Las denominaciones de origen valoran especialmente las mejoras en tres áreas. En autorizaciones de viñedo, el sistema deviene estable con revisiones cada diez años en lugar de caducidad en 2045. Permite crecimiento cero en plantaciones cuando la situación lo justifica e introduce flexibilidades que permitirán a los Estados actuar rápidamente sin esperar aprobación de reglamentos delegados. Las denominaciones verán reforzados sus criterios para recomendar limitaciones de nuevas autorizaciones o restricciones de replantaciones en sus zonas.
Ayudas aumentadas y etiquetado más claro
En materia de promoción, las tasas de cofinanciación pública para promocionar vino en terceros países aumentarán del 50% al 60%, con posibilidad de complementación con fondos nacionales.
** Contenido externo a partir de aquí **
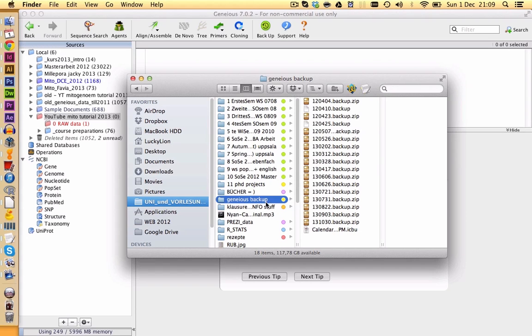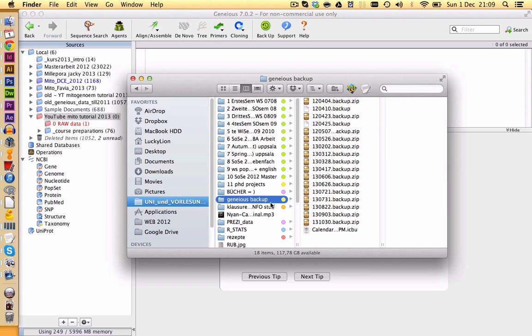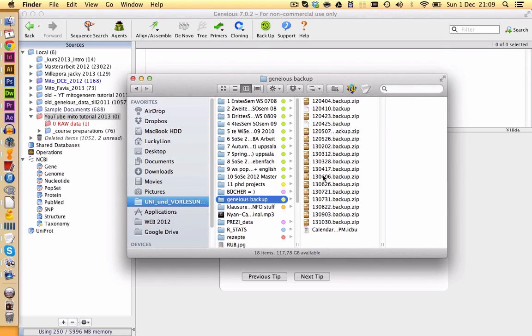I have for example, all my backups stored in my folder for university. Of course, you only need to make backups if you change a lot of your data. If you're not working with Genius for a few months, you don't need to make backups. But it's a good thing to have also some old backups in case you delete something and you figure out a few weeks later, oh, you shouldn't have deleted those things and you need to get them back.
La duración máxima permitida para realizar un programa de promoción en un tercer país con ayuda comunitaria se extiende de cinco a nueve años. Los porcentajes de cofinanciación también subirán para medidas preventivas contra enfermedades del viñedo y para acciones de adaptación y lucha contra el cambio climático, pudiendo alcanzar el 100% de gastos subvencionables.
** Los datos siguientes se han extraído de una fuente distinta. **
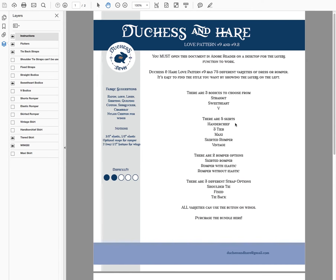Hi there sewists! Today I'm going to show you how to use the interactive dress designer. This is Love Pattern number 9 and 9.2. Between both of those patterns you get three different bodices, five different skirts, two romper options, and three different strap options — two of those you can use the flutters on.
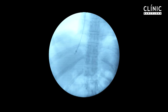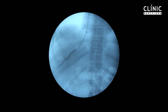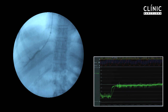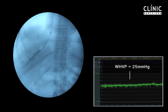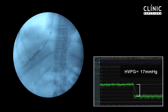Adequate occlusion of the hepatic vein is checked by the slow injection of a small amount of contrast dye. With the balloon inflated, the pressure gradient is determined as the difference between the free hepatic vein pressure (deflated balloon) and the wedged vein pressure (inflated balloon). In this patient, the hepatic venous pressure gradient is 17 mmHg. All measurements are performed in triplicate.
Respecto al etiquetado, las normas serán más claras y coherentes. Las designaciones de vino «desalcoholizado» y «parcialmente desalcoholizado» pasarán a denominarse vino reducido en alcohol y sin alcohol respectivamente, términos que los consumidores comprenden e identifican más fácilmente.
David Palacios Algarra, presidente de CECRV, subraya que «este acuerdo supone un paso adelante para el sector en general y para las denominaciones de origen en particular, porque atiende necesidades concretas y permite contar con herramientas más ágiles y más eficaces para poder gestionar mejor nuestra producción». Riccardo Ricci Curbastro, presidente de EFOW, destaca que «con este acuerdo se demuestra que, cuando las instituciones y las partes interesadas trabajan juntas, Europa puede ofrecer soluciones significativas y equilibradas para su régimen vitivinícola».
CECRV y EFOW agradecen a las instituciones europeas su compromiso constructivo, destacando especialmente a Christophe Hansen (Comisario de Agricultura), Esther Herranz García (ponente principal del Parlamento Europeo) y la presidencia danesa de la UE. El inclusivo enfoque de las instituciones se evidencia en la puesta en marcha del Grupo de Alto Nivel para la Política Vitivinícola en otoño de 2024, que reunió por primera vez en casi dos décadas a instituciones comunitarias y organizaciones sectoriales para afrontar retos estructurales: sobreproducción, creación de valor, impacto del cambio climático y expectativas cambiantes de consumidores.